* _RECORDED DATA_:
* * * * * * *

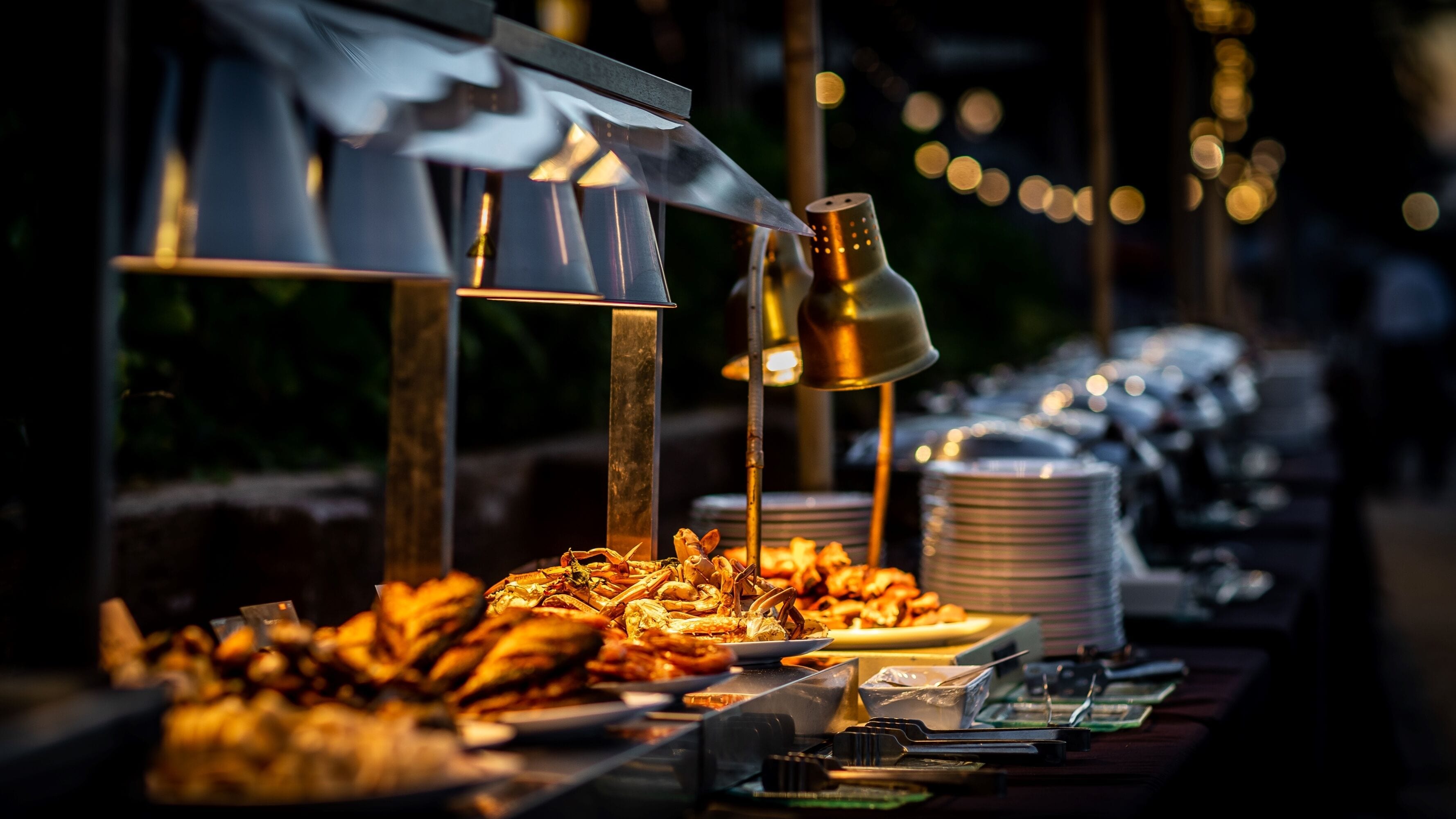 A buffet setup with seafood dishes, a stack of white plates, and a buffet trolleys.
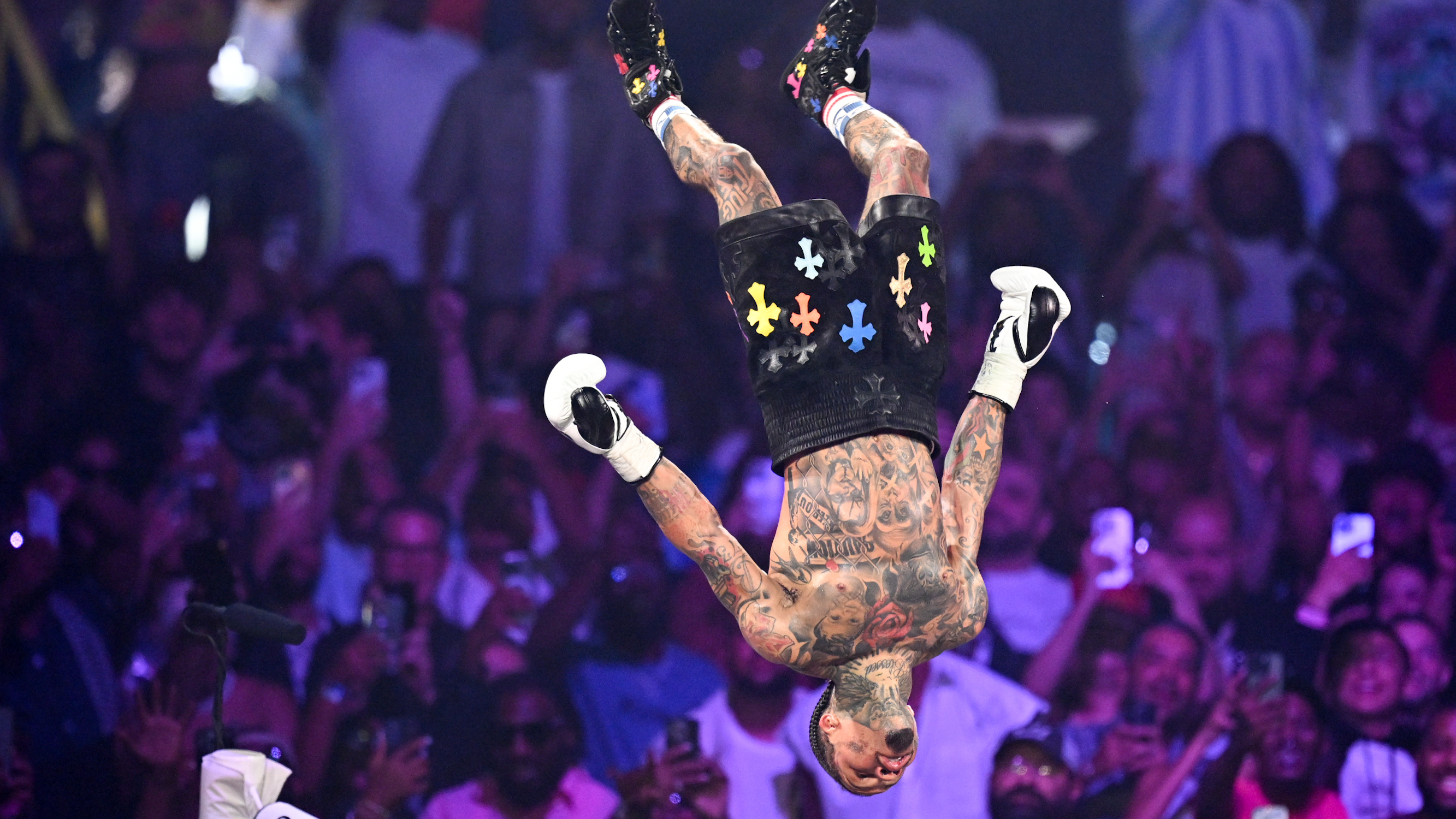 A performer doing a backflip on stage in front of a cheering crowd. The person is tattooed and wearing black shorts with colorful designs.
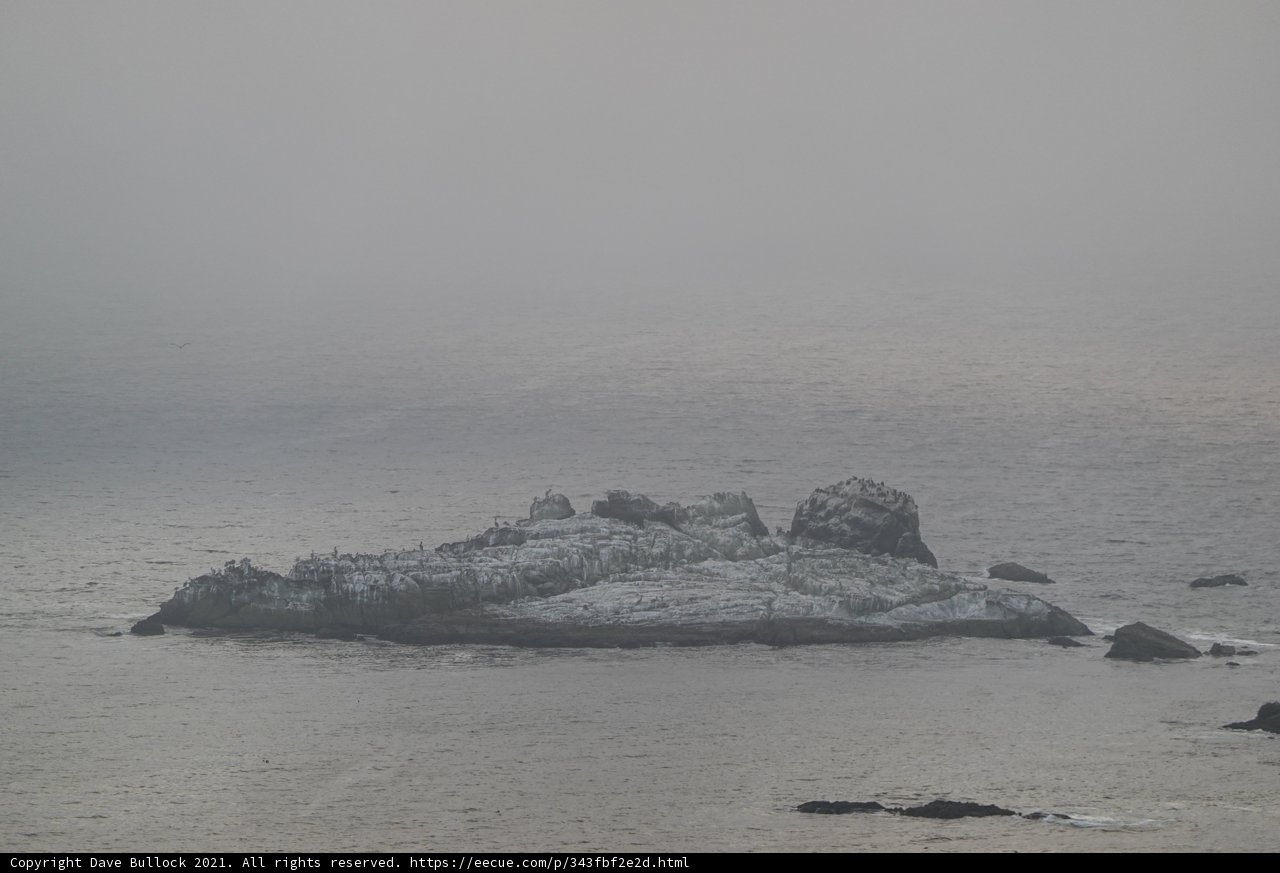 Solitary Rock in the Misty Ocean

* * * * * * *

* _TASK STATEMENT_: Omitting all images, print the listing exactly.

* _ANSWER BELOW_:
 A buffet setup with seafood dishes, a stack of white plates, and a buffet trolleys.
 A performer doing a backflip on stage in front of a cheering crowd. The person is tattooed and wearing black shorts with colorful designs.
 Solitary Rock in the Misty Ocean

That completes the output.